The statement was rendered the more unfortunate by a servant entering the room upon this instant and announcing Sir Richard Grenvile. He strode in with his boots ringing on the stone flags, in that brisk way I knew so well, totally unconscious of himself or the effect he might produce, and with a cool nod to Jo, the master of the house, he came at once to me and kissed my hand.
"Why the devil," he said, "did you come here and not to Buckland?" That he at once put me at a disadvantage among my relatives did not worry him. I murmured something about my brother's invitation, and attempted to introduce him to the company. He bowed to Phillipa, but turned back immediately to me.
"You've lost that weight that so improved your person," he said. "You're as thin as a church mouse."
"So would you be," I answered, "if you'd been held prisoner by the rebels for four weeks."

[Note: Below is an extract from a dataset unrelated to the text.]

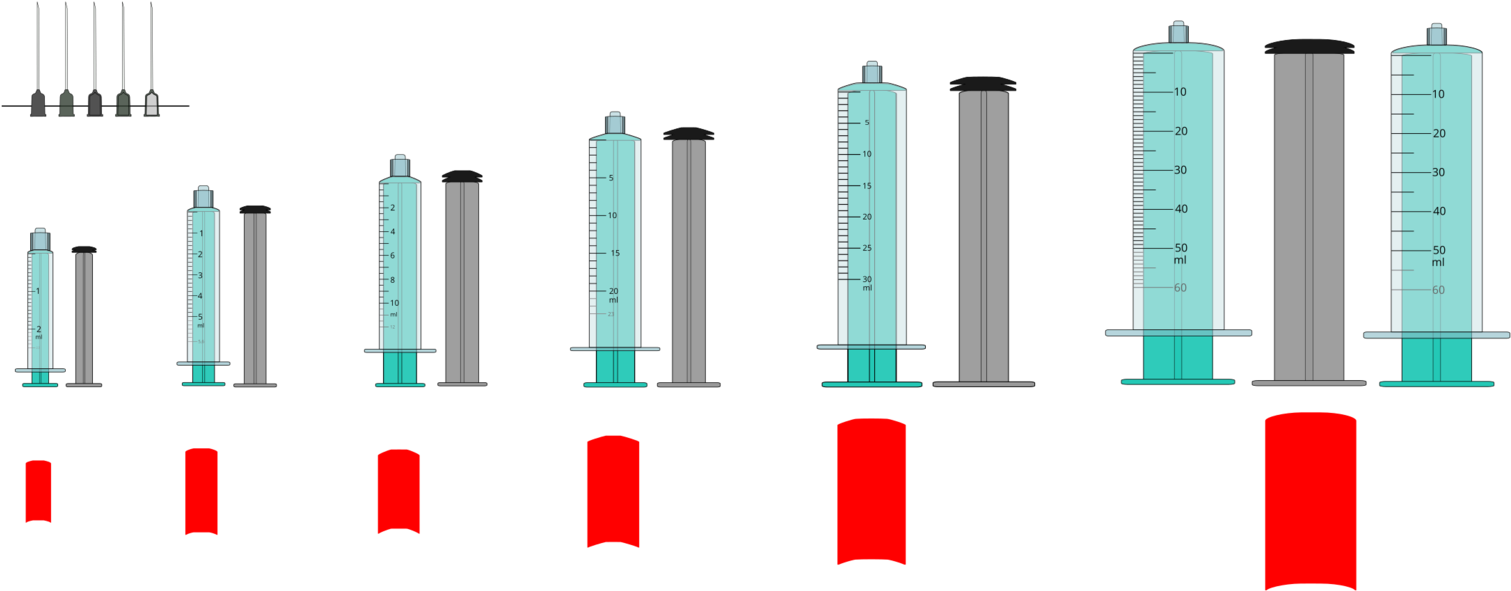 Syringe Computer Icons Luer Taper Injection Medicine - Tamaño De Las Jeringas (1670x750), Png Download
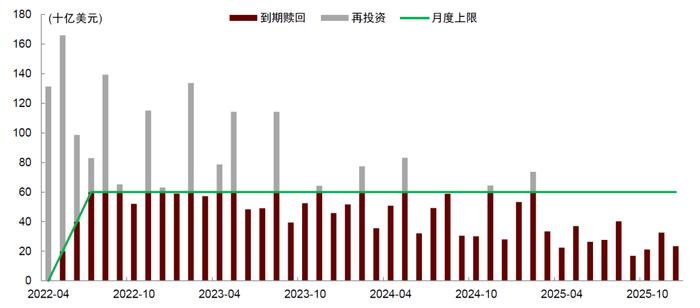 美国货币紧缩仍将是贯穿2022年的主要宏观风险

"The whelp is asking for you all day long," said Richard. "He dins your praises in my ears till I am sick of them. I have him outside, with Joseph. Hi! spawn!" He turned on his heels, bawling for his son. I think I never knew of any man, save Richard, who could in so brief a moment fill a room with his presence and become, as it were, the master of a house that was in no way his. J
o stood at his own table, his napkin in his hand, and Robin too, and Percy, and they were like dumb servants waiting for the occasion, while Richard took command. Dick crept in cautiously, timid and scared as ever, his dark eyes lighting at the sight of me, and behind him strode young Joseph Grenvile, Richard's kinsman and aide-de-camp, his features and his coloring so like his general's as to make me wonder and not for the first time, God forgive my prying mind, whether Richard had been purposely vague about the relationship between them, and whether he was not as much his son as Dick was. God damn you, I thought, begetting sons about the countryside before I was even crippled. "Have you all dined?" said Richard, reaching for a plum. "These lads and I could eat another dinner." Jo, with heightened color and a flea in his ear, as the saying goes, called the servants to bring back the mutton. Dick squeezed himself beside me, like a small dog regaining his lost mistress, and while they ate Richard declaimed upon the ill-advisability of the King having marched east without first seeing Plymouth was subdued.

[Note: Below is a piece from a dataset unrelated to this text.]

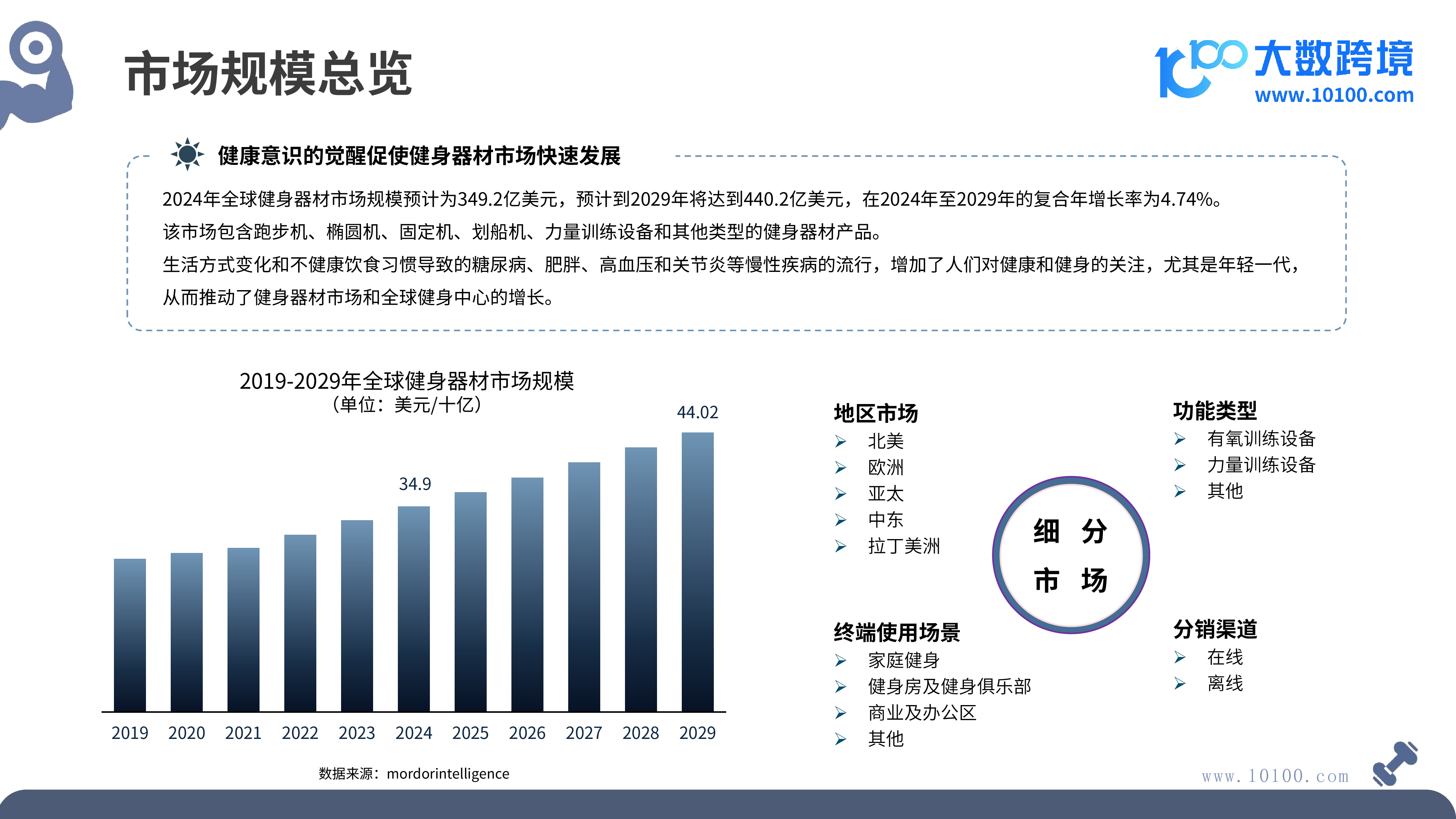 大数跨境2024全球健身器材市场洞察报告37页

"It's like talking to a brick wall, God bless him," said Richard, his mouth full of mutton. "He knows no more of warfare than this dead sheep I swallow." I saw my brothers look at one another in askance, that a general should dare to criticize his king. "I'll fight in his service until there's no breath left in my body," said Richard, "but it would make it so much simpler for the country if he would ask advice of soldiers. Put some food into your belly, spawn. Don't you want to grow as fine a man as Jo here?" I saw Dick glance under his eyes at Joseph with a flicker of jealousy. Jo then was the favorite, no doubt about that. What a world of difference between them, too--the one so broad shouldered, big, and auburn haired; the other little, with black hair and eyes. I wonder, I thought grudgingly, what buxom country girl was Joseph's mother, and if she still lived, and what had happened to her? But while I pondered the question, as jealous as young Dick, Richard continued talking. "It's that damned lawyer who's to blame," he said; "that fellow Hyde, an upstart from God knows what sniveling country town, and now jumped into favor as Chancellor of the Exchequer. His Majesty won't move a finger without asking his advice. I hear Rupert has all but chucked his hand in, and returned to Germany. Depend upon it, it's fellows like this one who will lose the war for us."